(Captioned web images)
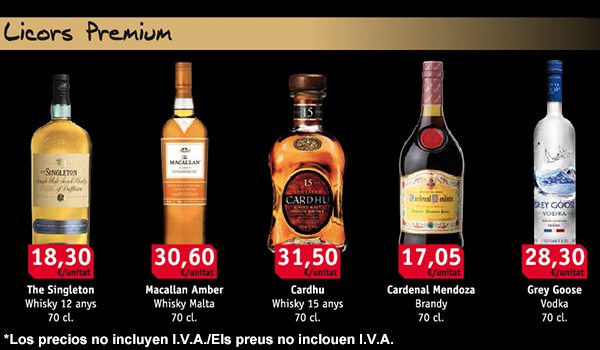 premium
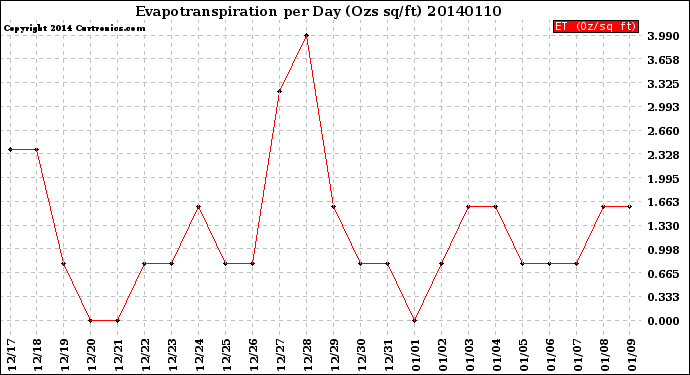 Milwaukee Weather Evapotranspiration<br>per Day (Ozs sq/ft)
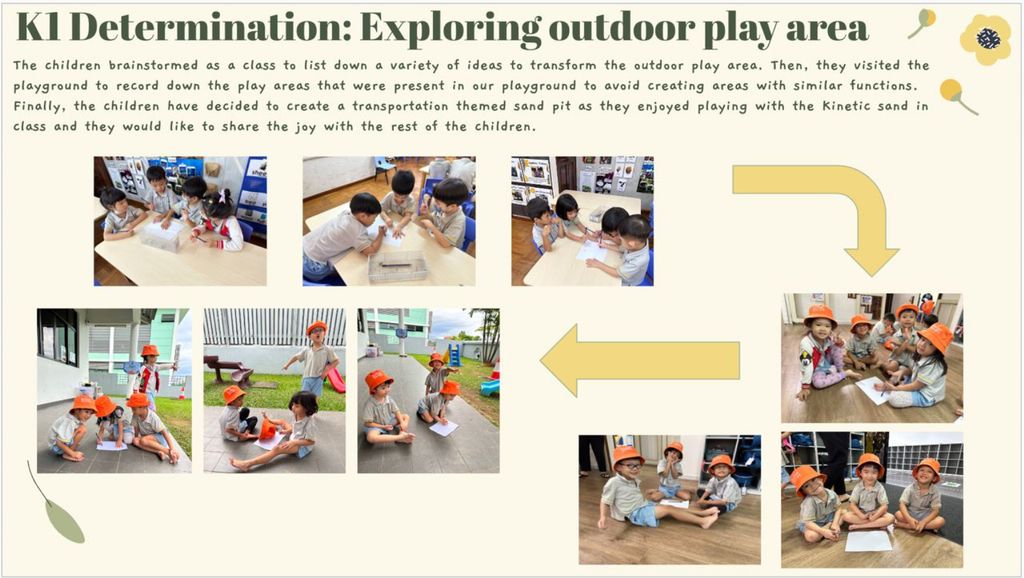 SSDB - Get inspired and brainstorming on the areas to transform — photo 4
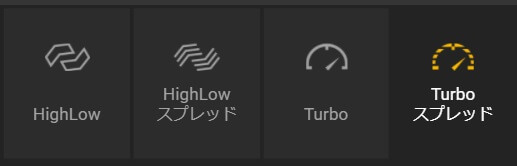 Turboスプレッド取引イメージ画像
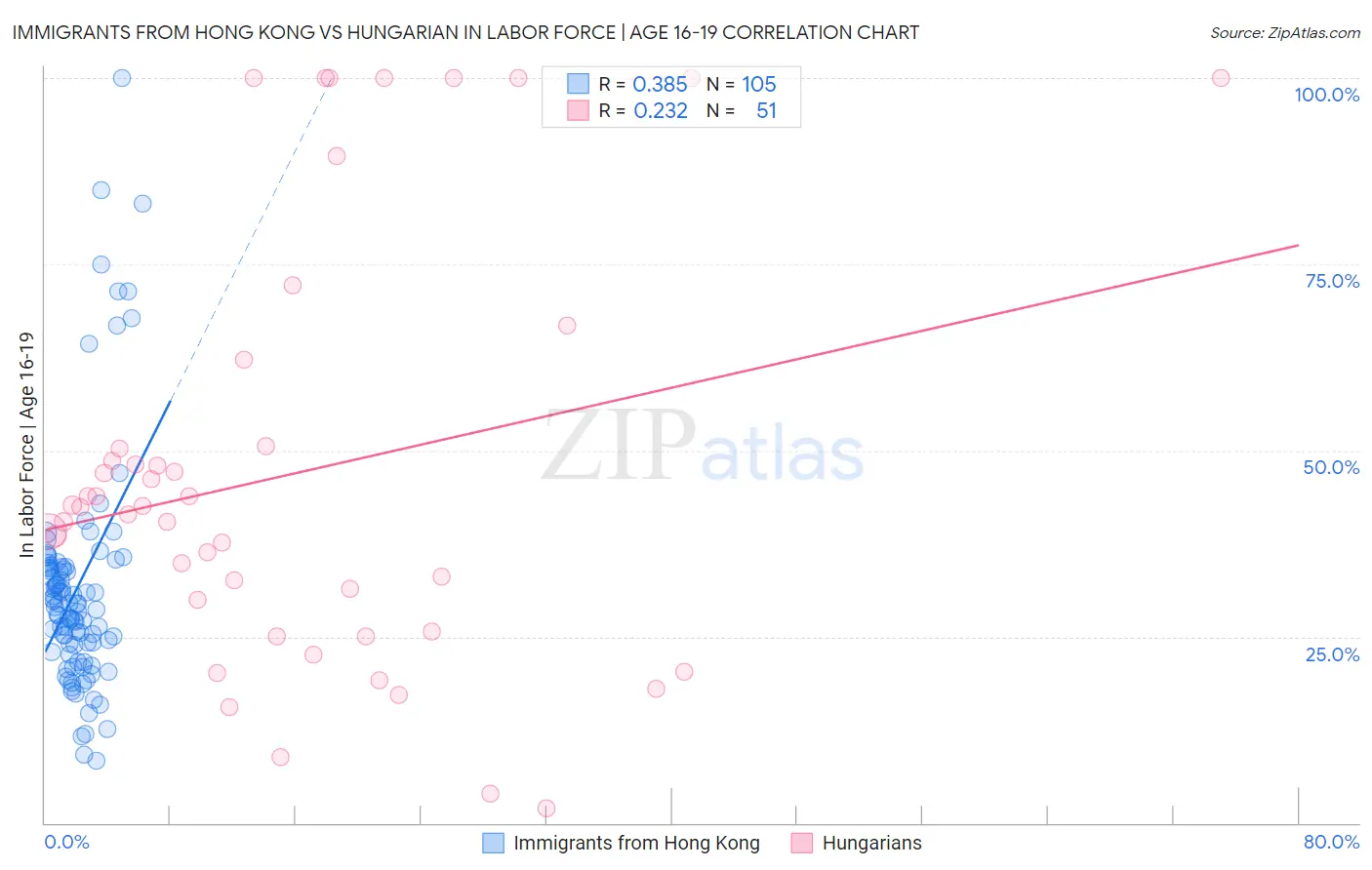 Immigrants from Hong Kong vs Hungarian In Labor Force | Age 16-19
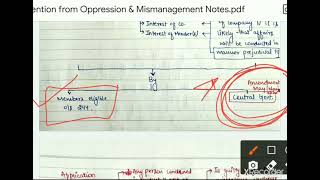 Prevention of Oppression amp Mismanagement Detailed revision relevant for May 2021 onwards in Hindi [upl. by Faber]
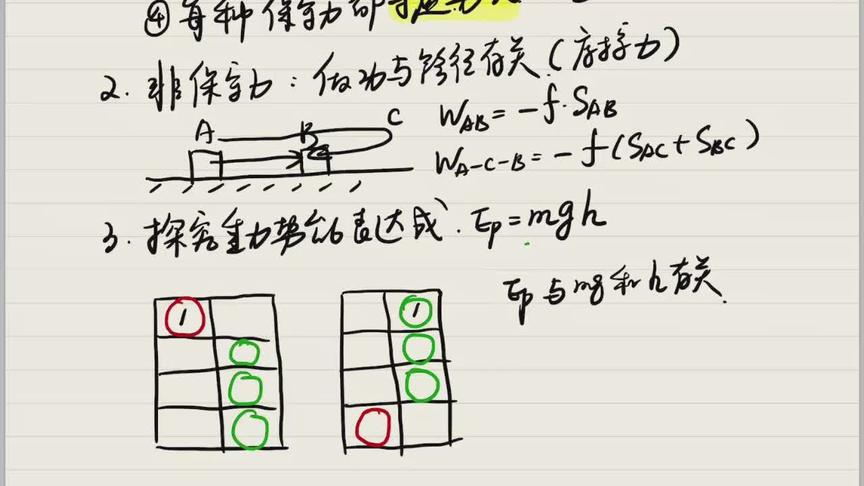 重力势能E=mgh是怎么来的？听李永乐老师用愤怒的小鸟为你解释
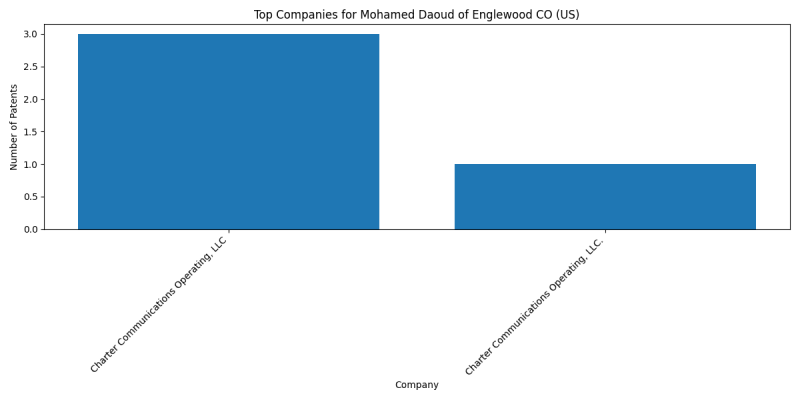 Mohamed Daoud of Englewood CO (US) Top Companies.png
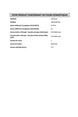 Four encastrable Whirlpool AKZ9 6290 NB Whirlpool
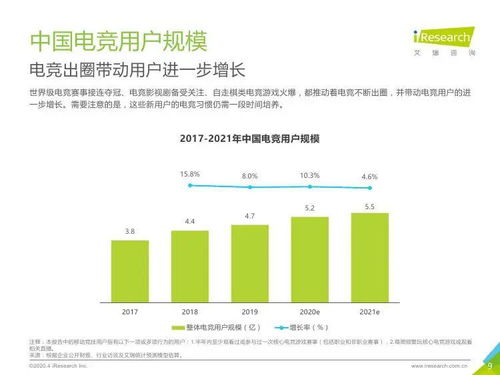 科技驅動與產業融合 2020年中國電競行業技術咨詢分析
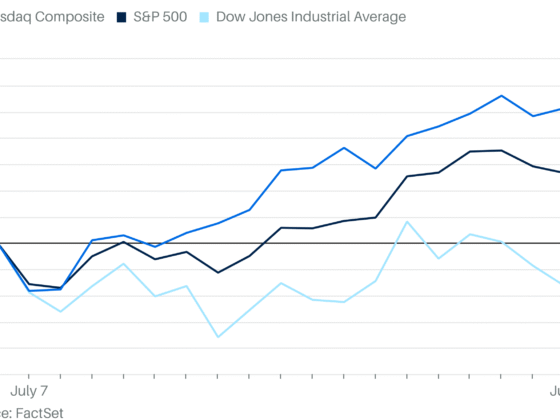 S&P 500, Nasdaq Had a Strong July, Extending Winning Streaks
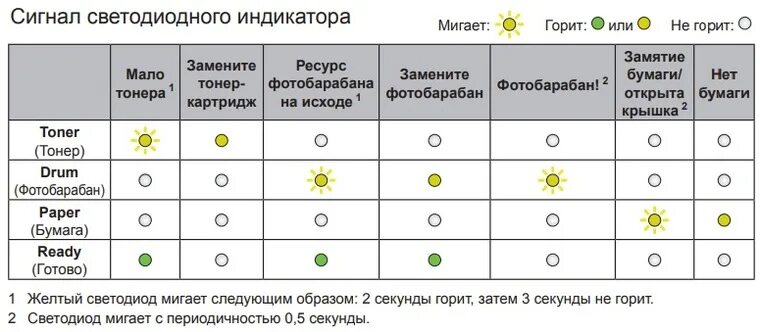 Кэнон 2000д аккумулятор. Pantum p2516 индикаторы. Сравнение коронок таблица. На принтере мигает зеленая лампочка. Принтер hp 2320 мигает красная лампочка.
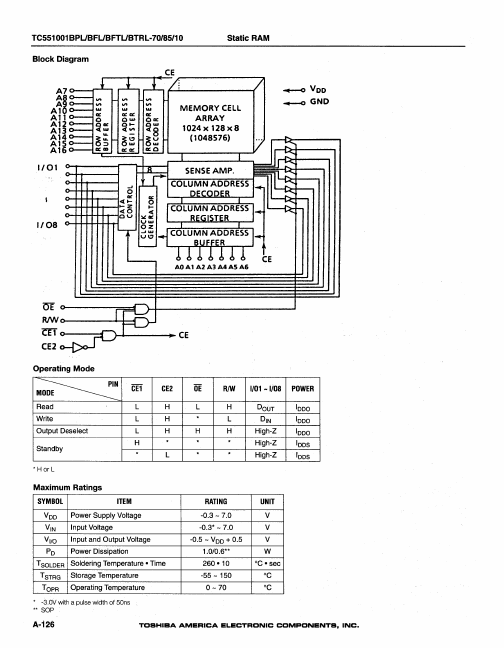 TC551001BFTL-85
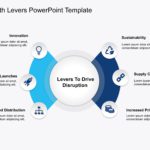 Growth Levers PowerPoint Template & Google Slides Theme
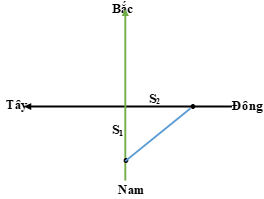 100 câu trắc nghiệm Động học chất điểm có lời giải (nâng cao - phần 2) | Bài tập Vật Lí 10 có đáp án và lời giải chi tiết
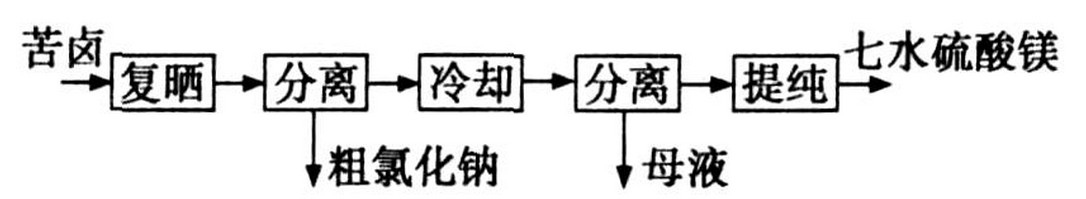 直線振動(dòng)篩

**Prompt:**
Pictures do not belong in the copy. Repeat only the lines from the top of the records through the line containing "TC551001BFTL-85".

**Answer for the task:**
 premium
 Milwaukee Weather Evapotranspiration<br>per Day (Ozs sq/ft)
 SSDB - Get inspired and brainstorming on the areas to transform — photo 4
 Turboスプレッド取引イメージ画像
 Immigrants from Hong Kong vs Hungarian In Labor Force | Age 16-19
 Prevention of Oppression amp Mismanagement Detailed revision relevant for May 2021 onwards in Hindi [upl. by Faber]
 重力势能E=mgh是怎么来的？听李永乐老师用愤怒的小鸟为你解释
 Mohamed Daoud of Englewood CO (US) Top Companies.png
 Four encastrable Whirlpool AKZ9 6290 NB Whirlpool
 科技驅動與產業融合 2020年中國電競行業技術咨詢分析
 S&P 500, Nasdaq Had a Strong July, Extending Winning Streaks
 Кэнон 2000д аккумулятор. Pantum p2516 индикаторы. Сравнение коронок таблица. На принтере мигает зеленая лампочка. Принтер hp 2320 мигает красная лампочка.
 TC551001BFTL-85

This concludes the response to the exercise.